Rachel M. Gisselquist

Senior Research Fellow

Rachel M. Gisselquist, a political scientist, is a Senior Research Fellow with the United Nations University World Institute for Development Economics Research (UNU-WIDER) and a member of the institute’s senior management team. She works on the politics of developing countries, with particular attention to inequality, ethnic politics, statebuilding and governance and the role of aid therein, democracy and democratization, and sub-Saharan African politics.

At UNU-WIDER, she currently leads the projects Addressing Group-based Inequalities and The State and Statebuilding in the Global South – International and Local Interactions, and co-leads the projects The Impact of Inequality on Growth, Human Development, and Governance @EQUAL, Clientelist Politics and Economic Development – Theories, Perspectives, and New Directions, and Effects of Swedish and International Democracy Support. She serves as Helsinki-based research focal point for the Southern Africa – Towards Inclusive Economic Development (SA-TIED) programme, and is a core member of the UNU-WIDER team in the African Cities Research Consortium. Under the institute’s previous research programmes, she was a focal point for The Politics of Group-Based Inequalities: Measurement, Implications, and Possibilities for Change (2014–18), and the Governance and Fragility theme of the Research and Communication on Foreign Aid (ReCom) programme (2011–13).
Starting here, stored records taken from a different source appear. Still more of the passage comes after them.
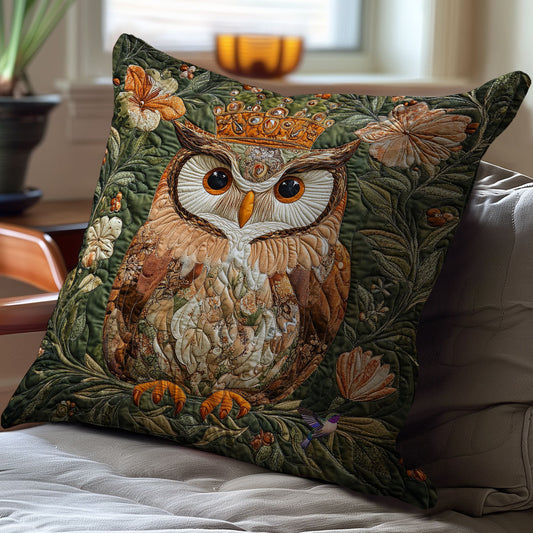 King Owl In Forest WY1712088CL Quilt Pillow Case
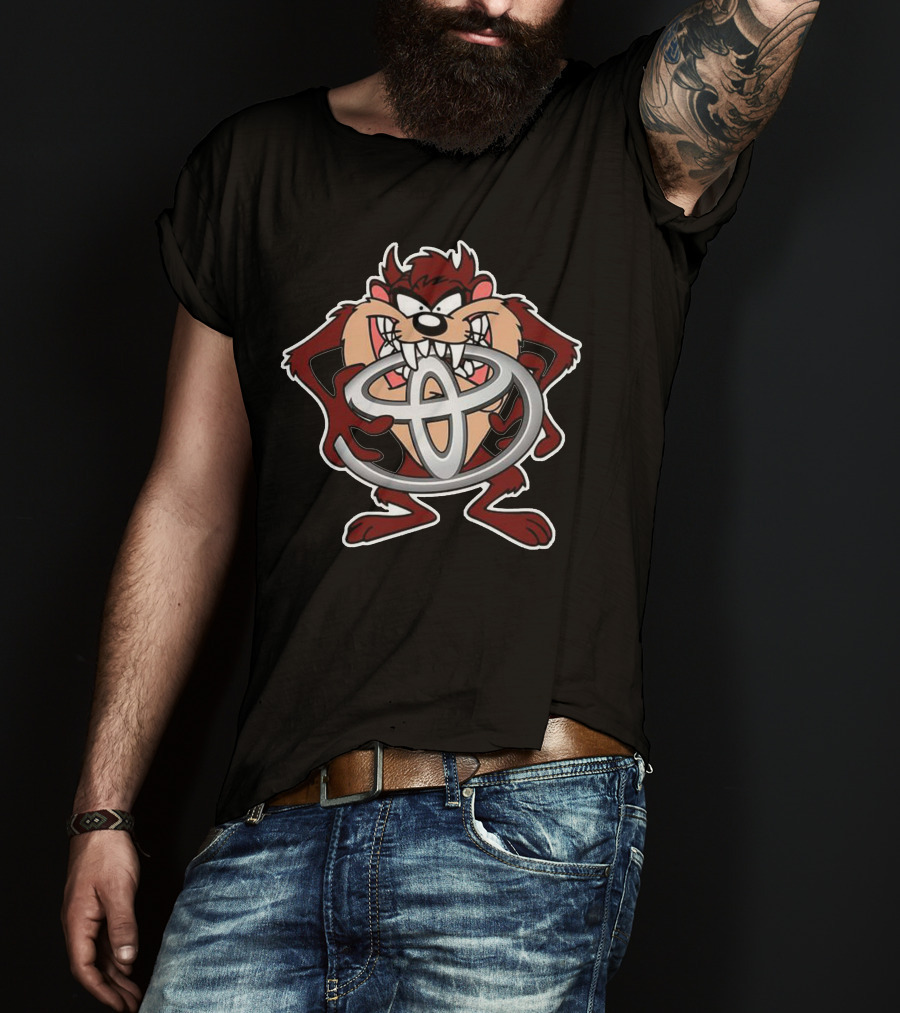 Taz Tasmanian Devil Toyota Logo Mashup T-Shirt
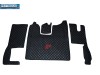 SCANIA R New Generation  [ 2017+ ]  FOLDING PASSENGER SEAT- ECO LEATHER FLOOR SET-BLACK
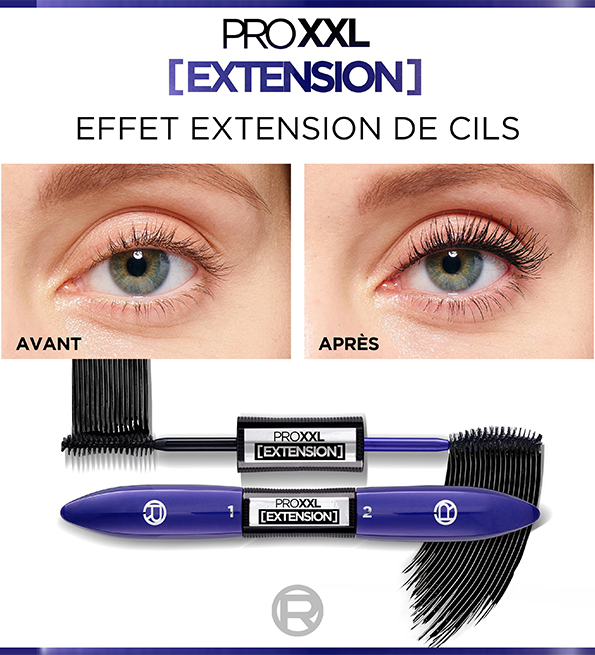 L'Oréal Paris -Mascara XXL Extension = Mini khol + paradise mascara OFFERTS
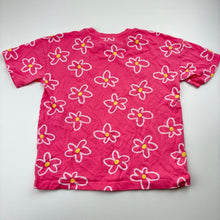 Load image into Gallery viewer, Girls KID, pink floral cotton tee / top, FUC, size 5,  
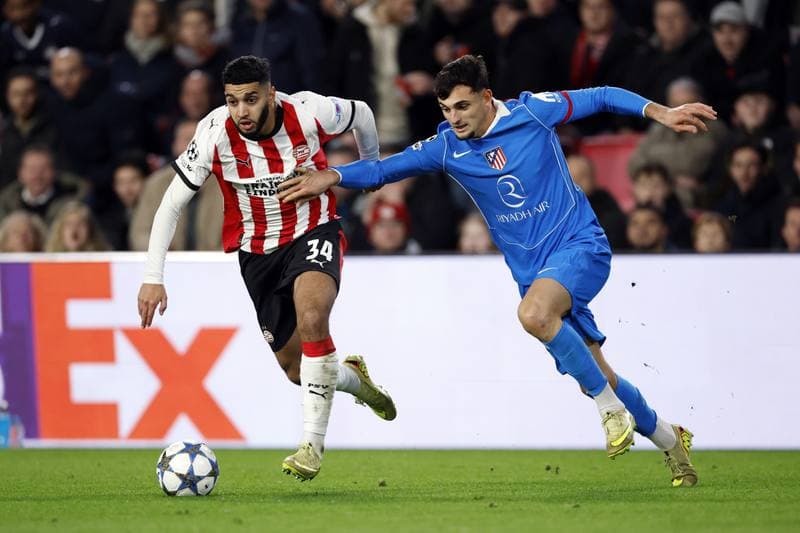 Football. UEFA Champions League. PSV Eindhoven - Atletico Madrid. 09.12.2025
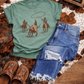 Cowboy Steer Roping Graphic Tee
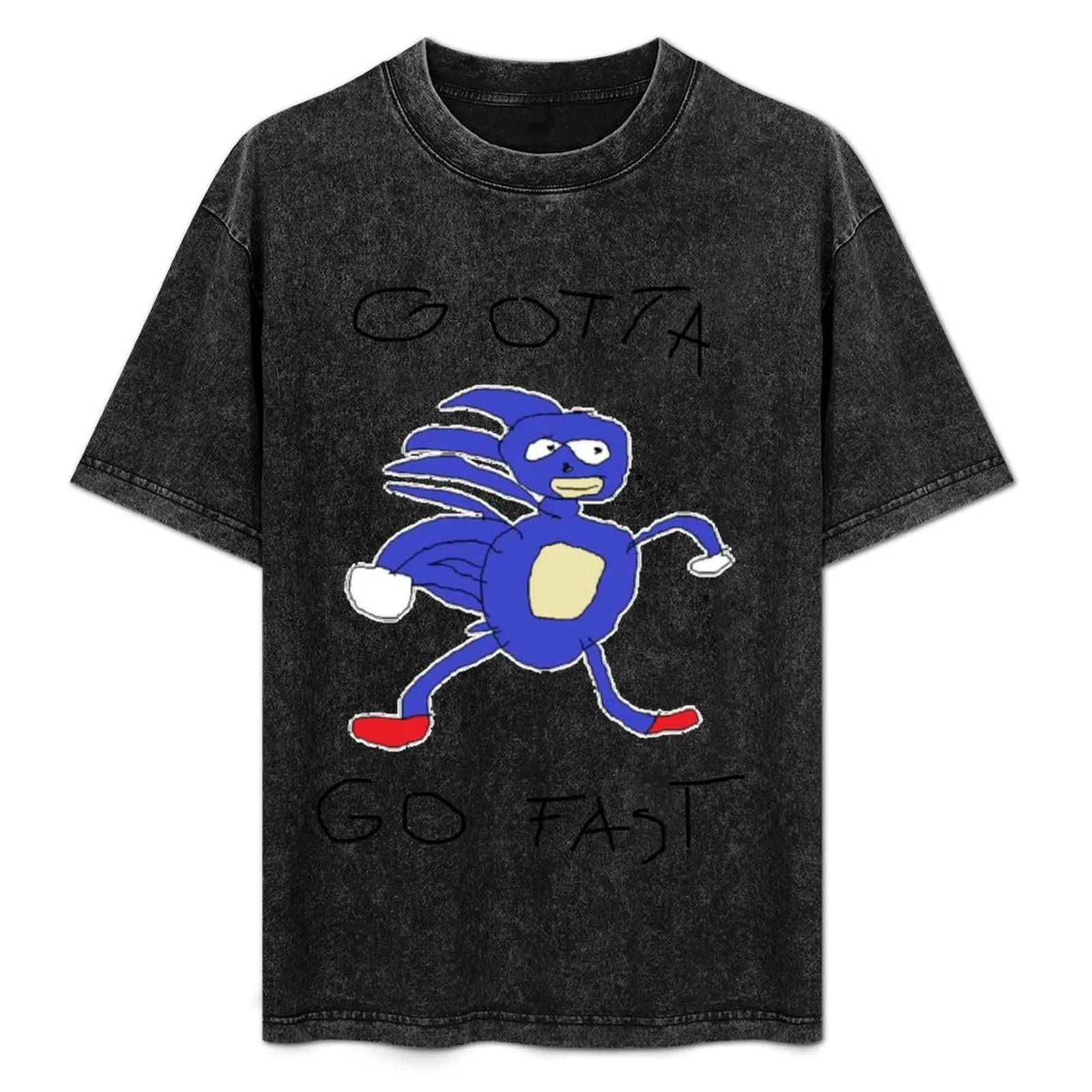 

Gotta go fast Sanic | Funny Meme T-Shirt Cool Feeling Summer Tee Shirt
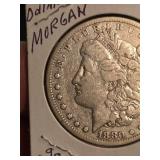 1880 Morgan silver dollar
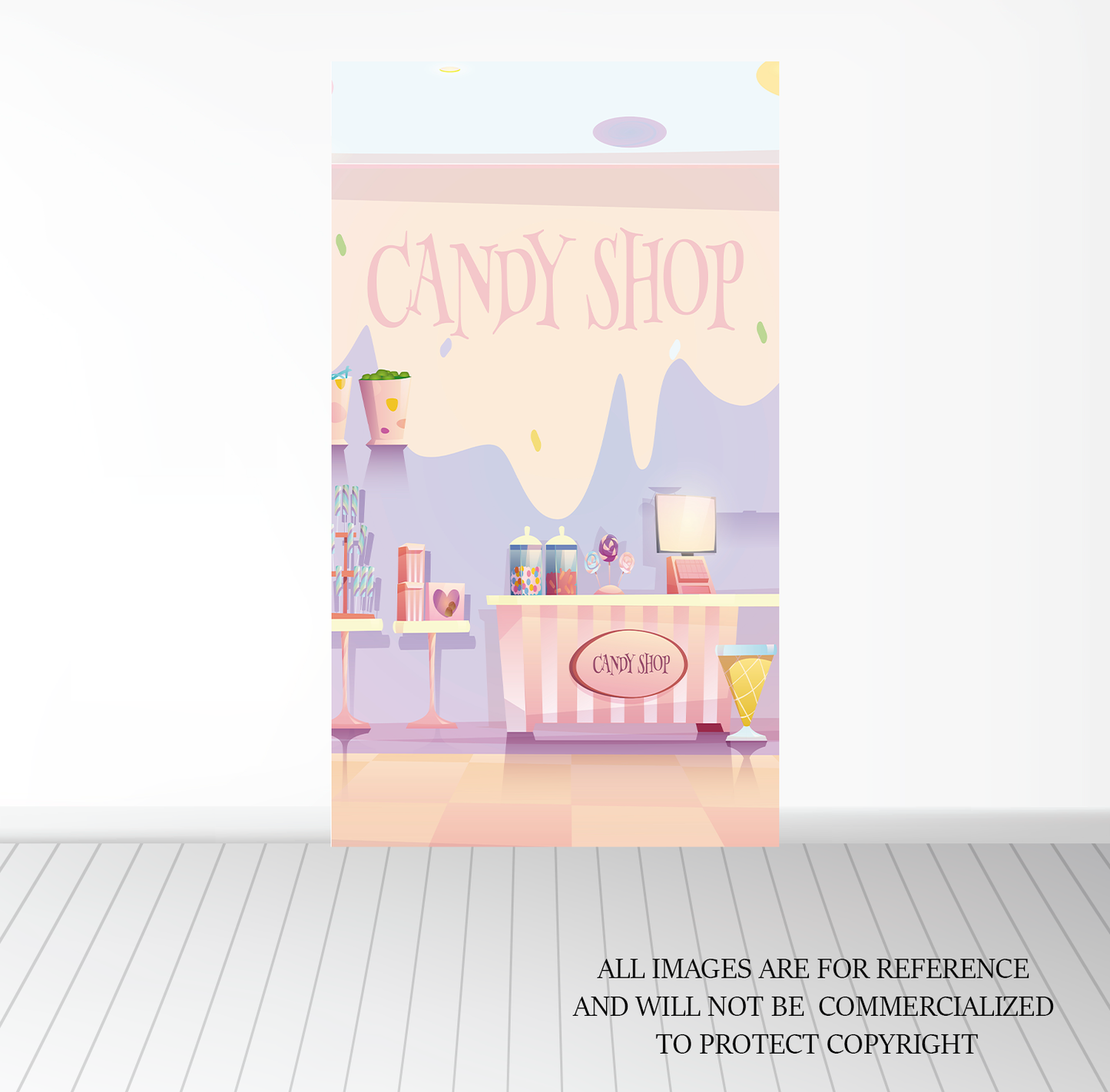 Background Banner - Candy Shop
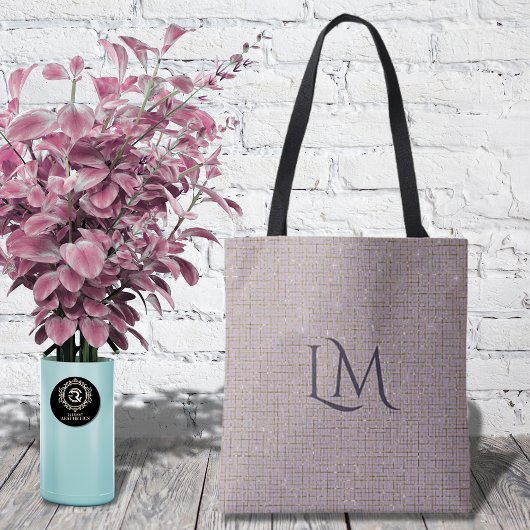 Realtor Taupe Monogram Minimalist トートバッグ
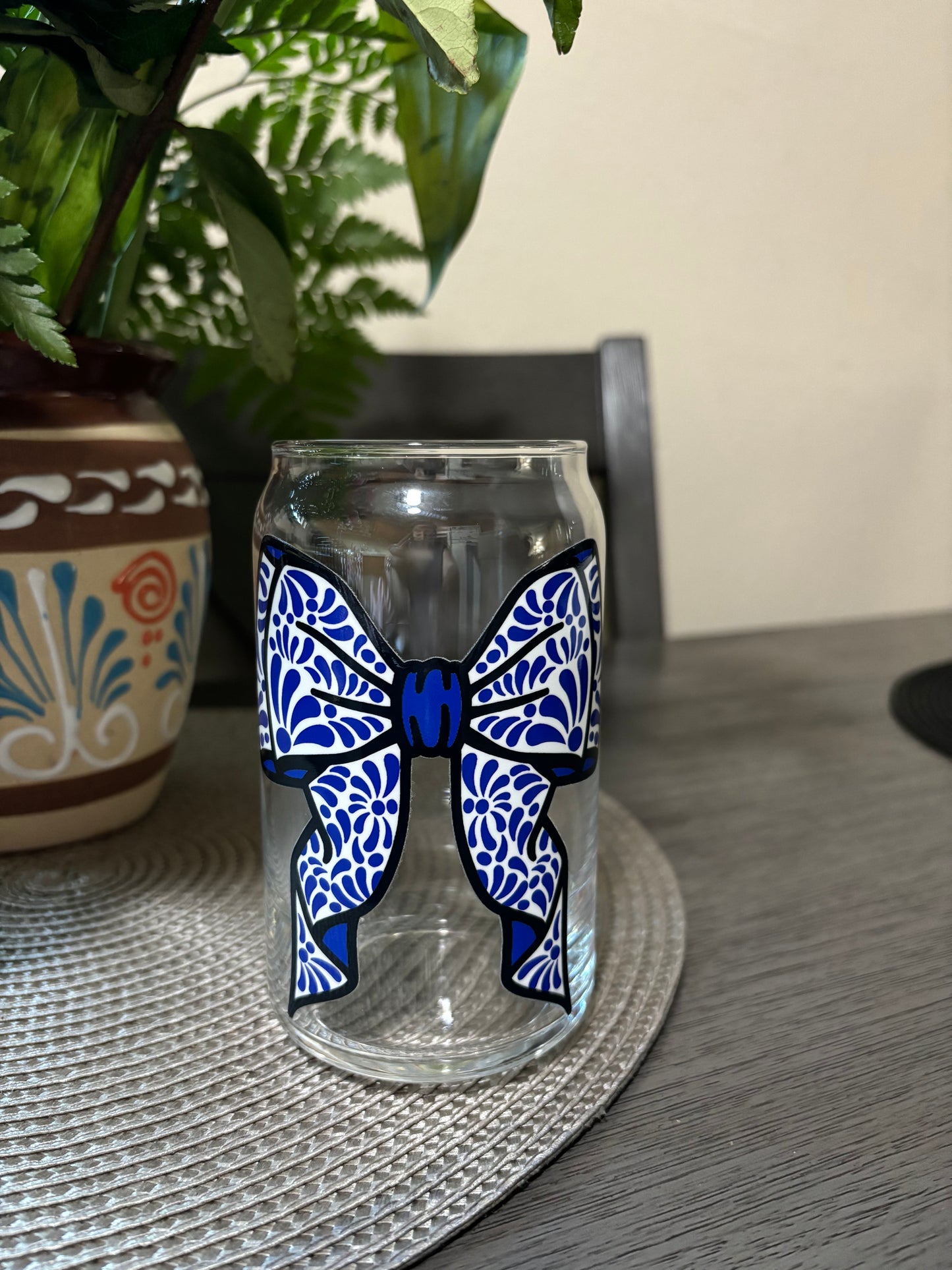 Blue Talavera Bow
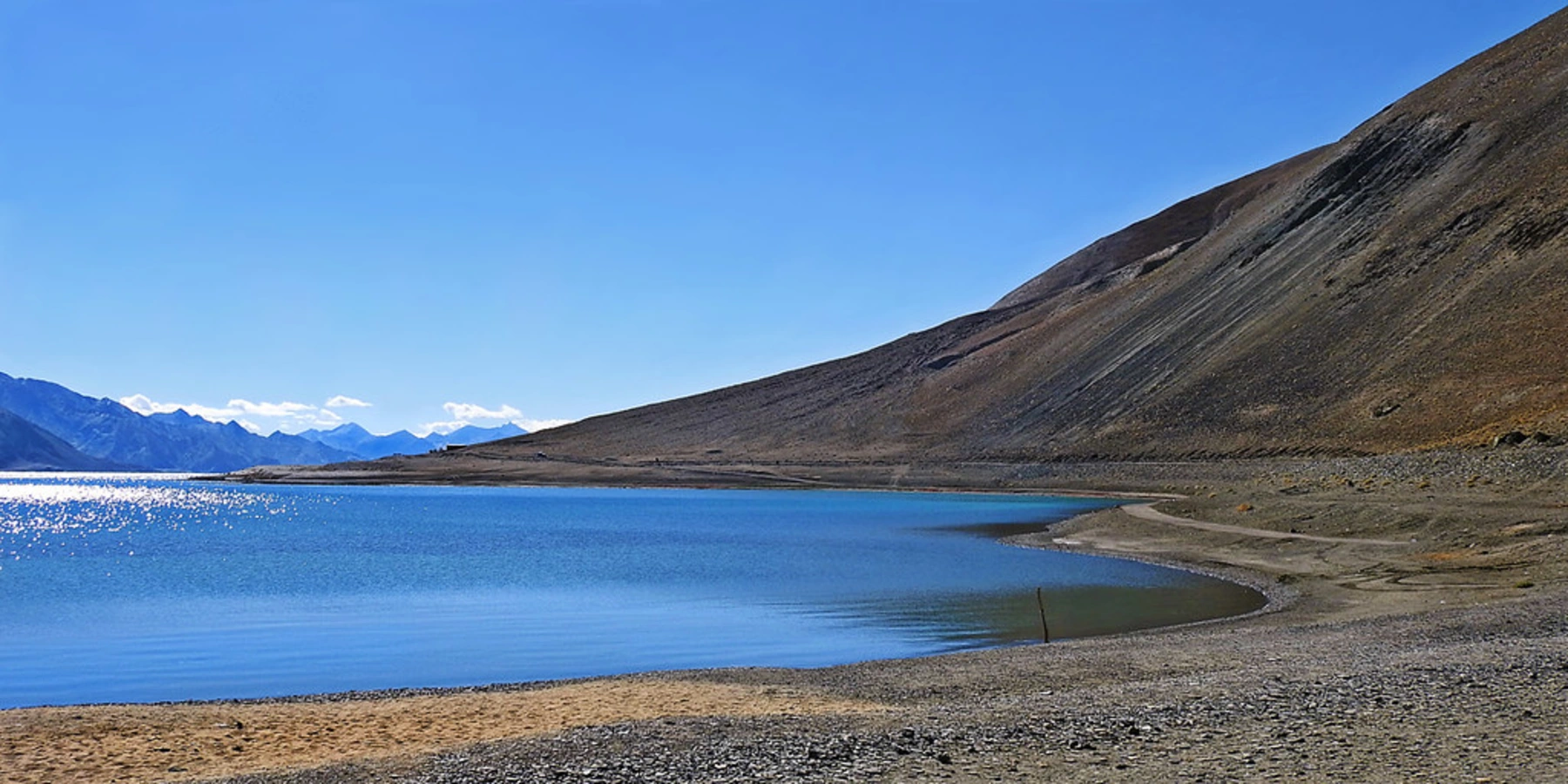 Lac Pangong, Inde, Chine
Her work is published in various journals and edited volumes, including World Development, Journal of Development Studies, Oxford Development Studies, Annals of the American Academy of Political and Social Science, Ethnic and Racial Studies, Social Indicators Research, Journal of Ethnic and Migration Studies, Democratization, and International Peacekeeping. She is editor/co-editor of a dozen journal special issues and collections, and co-author of the first two editions of the Ibrahim Index of African Governance, which has become a standard reference on governance. Before moving to Helsinki, she spent three years at Harvard University as Research Director, Index of African Governance. She has also spent time at the London School of Economics and with the World Bank. She holds a PhD in Political Science from the Massachusetts Institute of Technology and Master’s degree in Public Policy from Harvard University.